December 11, 2014
Foxcatcher (***) Rated R
Foxcatcher is director Bennett Miller’s first film since the critically lauded Moneyball and as such is just as meticulously crafted as that earlier film. And that’s also part of the problem. Foxcatcher is so perfectly structured and constructed by Miller and his screenwriting, co-conspirators, Dan Futterman and E. Max Frye, that the film comes off as feeling a bit stiff at times. It doesn’t help that the film is so quiet and meticulously paced as well, and that the slow buildup actually works against the film more often than not.
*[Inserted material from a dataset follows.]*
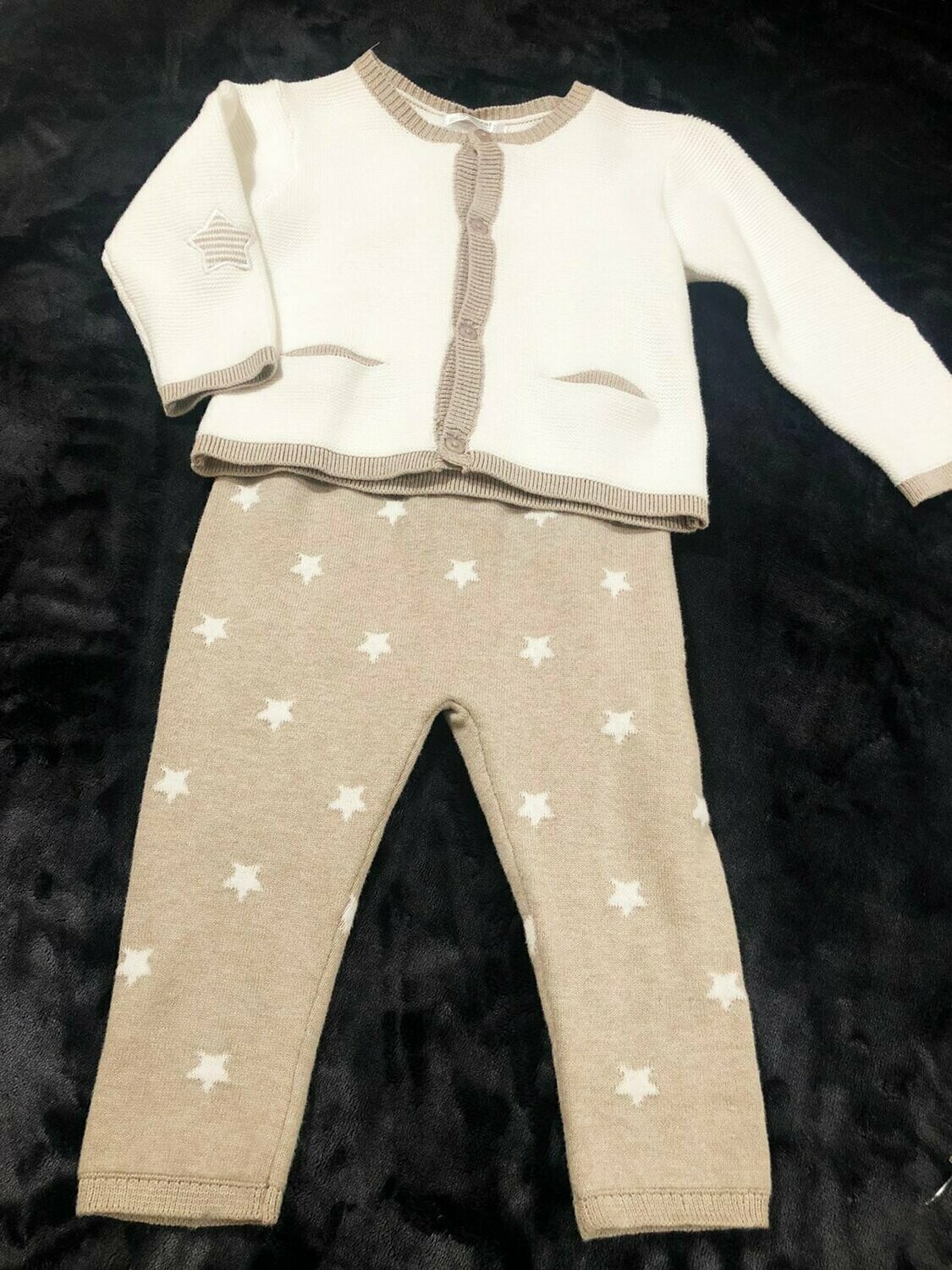 Ensemble maille beige/blanc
For a crime drama Foxcatcher is probably the most restrained cinematic portrayal of an actual headline making incident that you’re likely to find.
Foxcatcher is mostly a showcase for the otherworldly performances of its perfectly chosen cast, some of whom have rarely been given the chance to shine the way they do in this film. By now, it’s common knowledge that Steve Carrell, nearly unrecognizable with liver spots and a prosthetic nose, is virtually an Oscar shoo-in for his performance in the role of John du Pont but there are other revelations in the cast. Channing Tatum is chief among them, who with the exception of his layered performance in last year’s Magic Mike, has rarely been given the opportunity to exercise his acting chops as he does here. In the role of small town wrestler Mark Schultz, Tatum offers a nuanced and sympathetic performance that will hopefully get Oscar voter’s attention as well.
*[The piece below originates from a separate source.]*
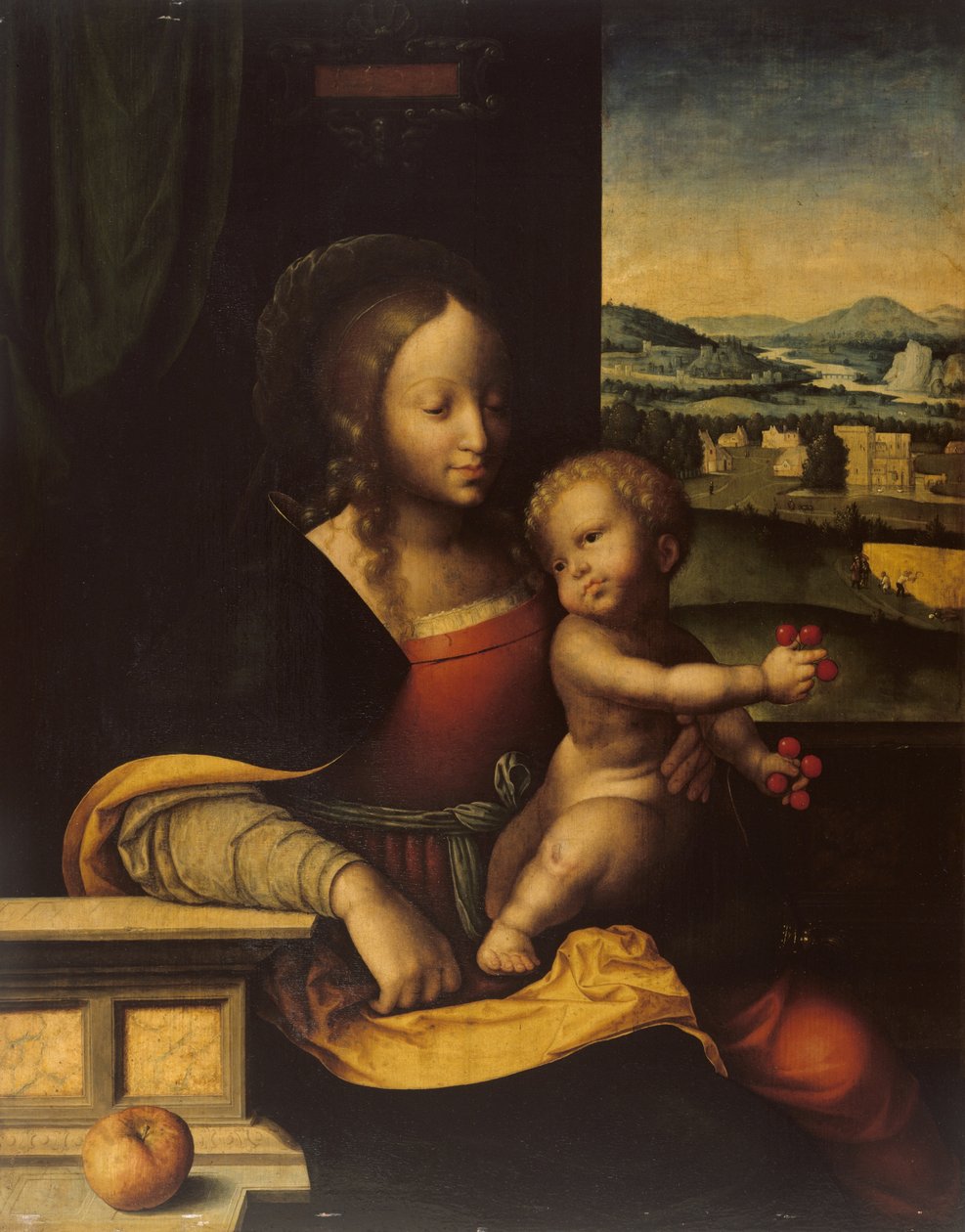 Jomfru og barn av Joos van (and workshop) Cleve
Sienna Miller and Mark Ruffalo, as Schultz’s brother and wife respectively, also turn in splendid work during the course of the film, as does Vanessa Redgrave as the matriarch of the du Pont family.
Foxcatcher: Channing Tatum & Steve Carrell
I suppose the less one knows about the real life events that the film is based on, the better. The incidents that the film’s story attempts to tell took place in the 1990s. Most of today’s movie going audience will have little to no knowledge of the real story which will only serve to heighten the tension during the film’s final act. The element of surprise is essential here.
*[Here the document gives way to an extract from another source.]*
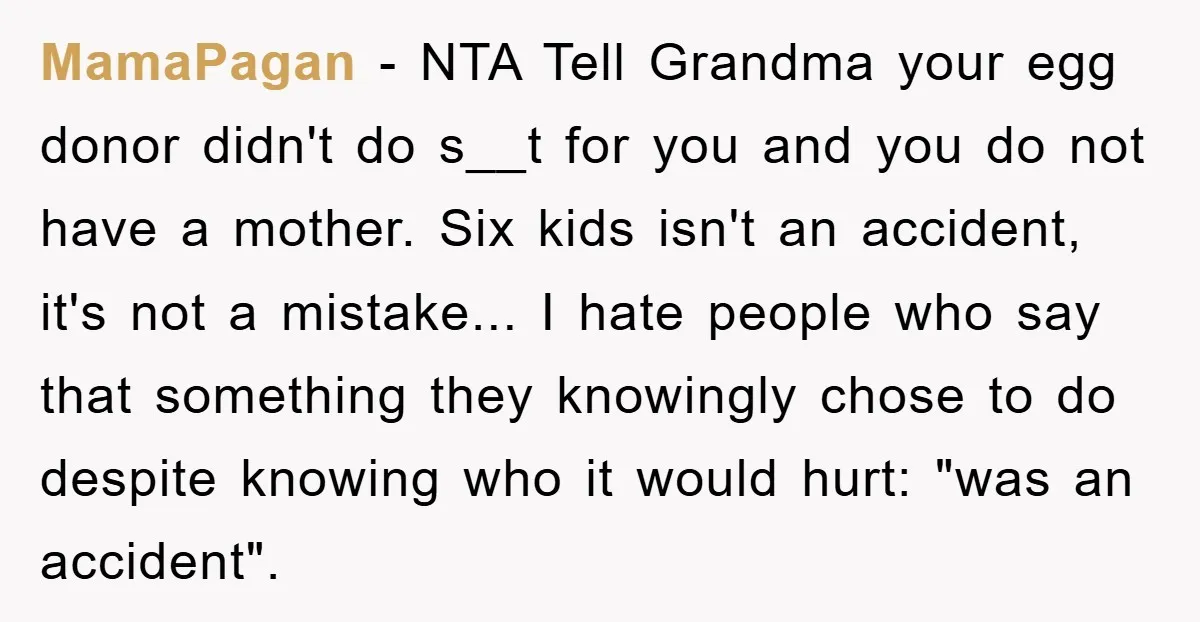 MamaPagan − NTA Tell Grandma your egg donor didn't do s__t for you and you do not have a mother. Six kids isn't an accident, it's not a mistake... I...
For reasons that aren’t entirely clear, John du Pont (Carrell); came up with the idea of forming a wrestling team named after the Foxcatcher horse farms, which the du Pont family owned. In order to ensure that his team would be the best, du Pont recruited wrestler Mark Schultz (Tatum); brother of celebrated wrestler Dave Schultz (Ruffalo). Mark, desperately longing to escape the dark of his brother’s sizeable shadow, immediately jumps at the chance. It isn’t long before du Pont convinces Mark to recruit his brother for the team. Dave isn’t too keen on the idea of uprooting his family but eventually caves to the idea, leading to dire consequences for all involved.
The real story of the Foxcatcher wrestling team is compelling material for sure, but Miller’s decision to keep the film so low-key sinks the proceedings for me. I can’t help but wonder what a much better film Foxcatcher would have been with a less lumbering pace. As it stands, it’s an interesting, if flawed, result.
Foxcatcher has not yet opened in this area.